Cadillac’s upcoming flagship is living up to its status, as the CT6 is set to have a PHEV option on the checklist when it arrives for the 2016 model year.
According to The Detroit News, General Motors product chief Mark Reuss claims the PHEV option will offer consumers an “industry-leading fuel economy upwards of 70 mpg equivalent.” The CT6 will be powered by a 3-liter twin-turbo V6 with an eight-speed auto aiding in the power delivery.
Cadillac’s flagship will also be built upon an advanced architecture composed of “high-strength steel, aluminum and steel stampings,” combined with the automaker’s patented welding tech to create a vehicle with 20 percent fewer parts. Reuss says the results help improve “safety, ride and handling,” as well as NVH. The overall product will be 8 inches longer than the current CTS, but will weigh 53 pounds less.

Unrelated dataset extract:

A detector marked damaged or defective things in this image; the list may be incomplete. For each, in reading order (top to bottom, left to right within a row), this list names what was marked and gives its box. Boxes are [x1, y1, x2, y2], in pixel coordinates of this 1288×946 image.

As far as other technology is concerned, the CT6 will have stop-start and a so-called thru-view mirror — a rear backup camera “steamed… into the front mirror,” per Reuss — allowing the driver to see more of the outside behind the car in its rearview mirror.
The flagship, set to battle the Mercedes S-Class and BMW 7 Series, will leave Hamtramck beginning in late 2015.
Has Cadillac already given up on going after BMW and Mercedes and is now going to make a pass at Tesla?… Oh, wait, ELR
Everyone is going the this route (e.g. BMW i3 and i8), the ELR was just way overpriced for what it is (a loaded Volt coupe).
Heck, the Germans have been dropping cylinders across their entire lineups. Green is in. I would bet this iteration of luxury flagships will be the last ones with available V12s.
…and you don’t think a all-new Cadillac CT6 won’t be waaay overpriced?
Unlike, lincoln at least Cadillac is trying.
Cadillac is working hard, not smartly.
It doesn’t help that their product mix is awful, their cars are grossly overpriced, that they threw their heritage and reason to exist away while trying to become BMW v2.0, and that the reliability of their vehicles sucks as is typical of any GM division.
This is a shrewd move. If only they had gone this route for the ATS/CTS. Better to spend the money on weight shaving, fuel economy and plug in/battery technology than stuff luxury buyers couldn’t care less about like Ring times and Brembo brakes. The Alpha platform was a huge waste of money.
Yes – Time for GM to stop listening to car magazines and websites, and start “listening” to the market and consumers.
“The overall product will be 8 inches longer than the current CTS, but will weigh 53 pounds less.”
2015 CTS length 195.5 in.
2015 XTS length 202.0 in.
So the new “flagship” is one inch larger than the too-small XTS. HOW FREAKING BRILLIANT.
Depends where they add the length, the XTS has a big booty. From the looks of things the CT6 will add more wheelbase.
I would hope so. That XTS has way too much car on too little wheelbase.
They are going to downsize the engine from the XTS/CTS and add plug-in option for their flagship?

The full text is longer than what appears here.